Salim al Badi, the director general of Labour Care at the Ministry of Manpower said that measures are in place to help tackle such issues. “Royal Decree number 35 authorises the Health and Safety department at the Ministry to periodically visit these sites to make sure these rules are being followed. Everyone working in hazardous conditions must be issued personal protection and other safety equipment to ensure their safety at the work site,” al Badi said.

There is also a penalty system in place and employers who do not implement changes even after repeated warnings face serious punitive action, he added. “Employees can also anonymously complain by calling 80077000 and we will follow up on the complaint and take necessary measures. And employees should always know that the labour law here in the sultanate is the same for Omanis and expatriate workers.”

Whereas cases like Mohammed and Tazim’s are very common in Oman, there is also the other end of the spectrum.
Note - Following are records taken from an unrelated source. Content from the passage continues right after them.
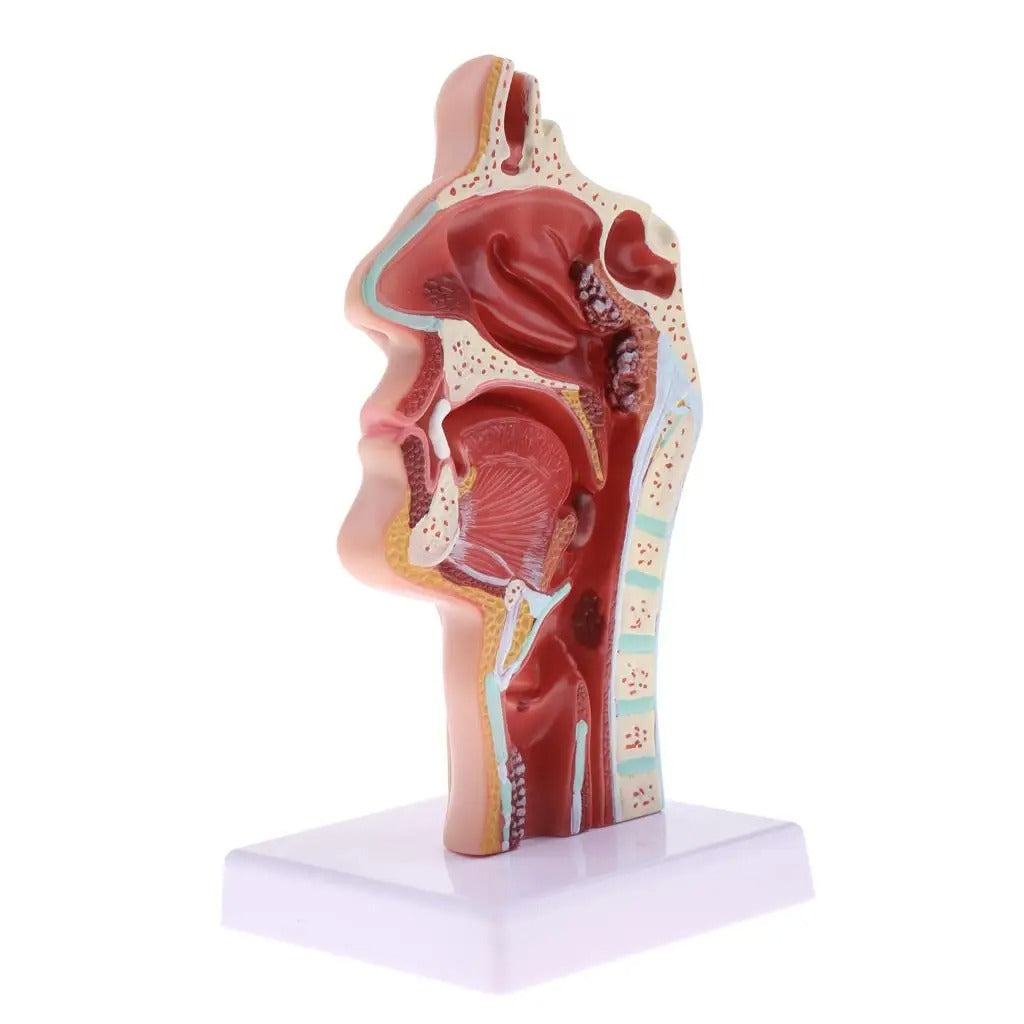 Modelo Anatômico Patologia da Garganta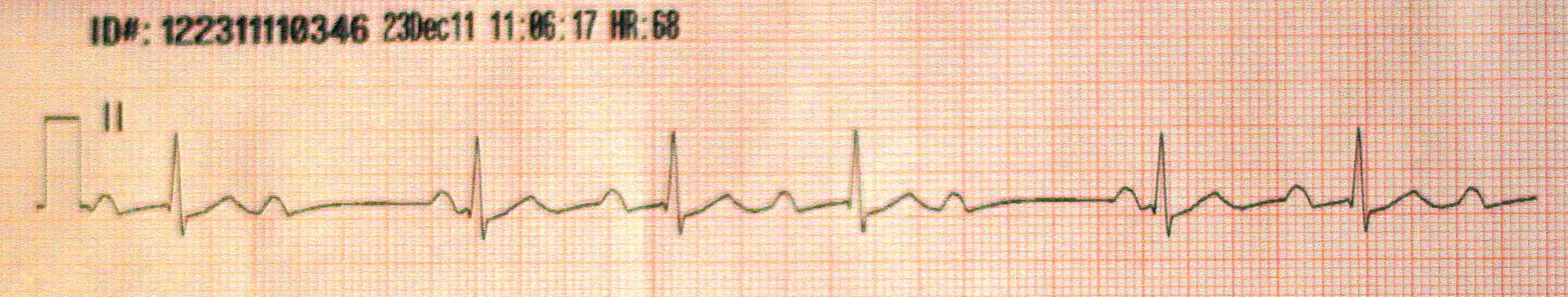 1st type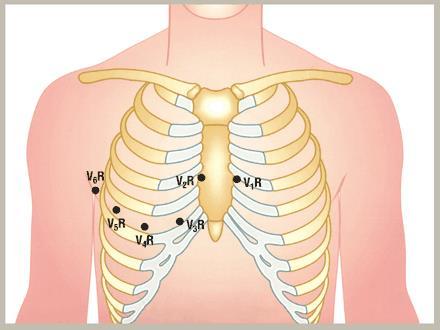 RIGHT SIDED V-LEAD PLACEMENT V1R: Left 4 th intercostal space V2R: Right 4 th intercostal space V3R: Halfway between V2 and V4 V4R: Right 5 th intercostal space, mid-clavicular line V5R: Horizontal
Mathew Roy has been working as health, safety and environment manager of Oman International Group at Petroleum Development Oman for the past 15 years. “And I can proudly say that we have not had a single accident in those past 15 years.” And his form-ula for this impeccable safety record is very simple. “We know that as a company, our employees are our asset and so we make sure they stay safe at all times.”
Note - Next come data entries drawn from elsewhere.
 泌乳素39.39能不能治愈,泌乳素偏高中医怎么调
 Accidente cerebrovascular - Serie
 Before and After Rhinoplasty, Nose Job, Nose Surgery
Companies like Galfar keep track of every safety incident that occurs at their various work sites and serious ones are reviewed by the company’s chief executive office and other department heads, said TG Philip, vice-president of quality, health, safety and environment. “We measure our performance as a company in terms of Lost Time Injury Frequency.” Lost Time Injury (LTI) refers to an injury sustained by an employee that keeps them away from work for more than 24 hours, Philip explained.
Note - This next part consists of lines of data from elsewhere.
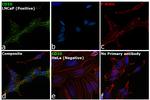 CD10 Antibody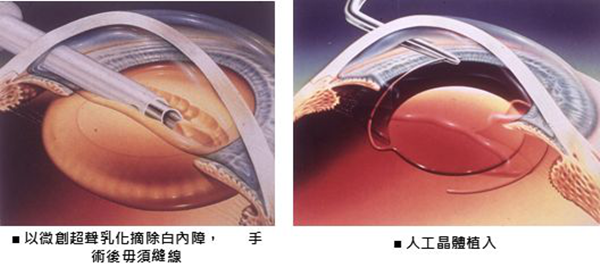 青光眼,希瑪瑞視眼科,上海眼科醫院 青光眼,希瑪瑞視眼科,上海眼科醫院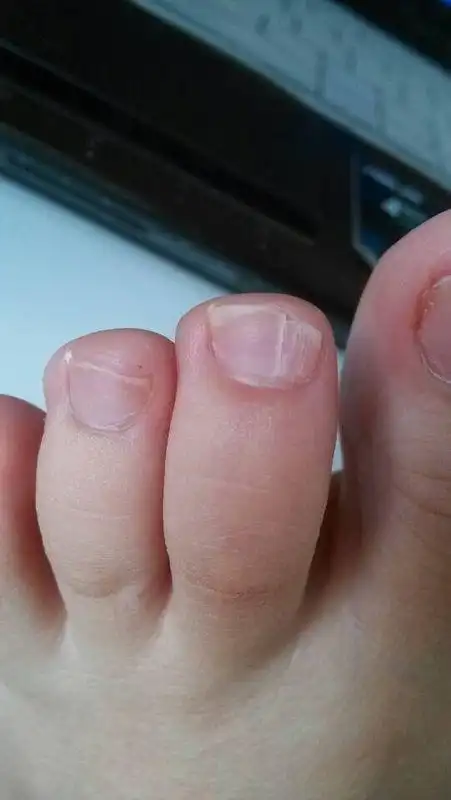 请问,为什我的指甲是两瓣的,从小就这样,可是最近好像另一半要努力张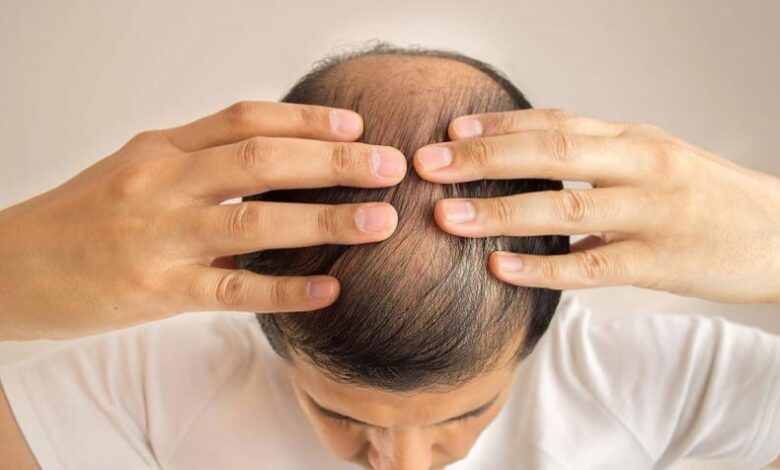 عوامل تطور زراعة الشعر في تركيا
But situations like the one at Mohammed’s building site, where workers don’t wear the necessary safety equipment, continue. And even as Mohammed and Tazim recuperate from their injuries,
they don’t have much of an option but to go back to work to their unsafe work environments. “I don’t really have any equipment of my own to protect myself from future accidents,’ said Tazim. “And everyday that I don’t work, my family does not get money.”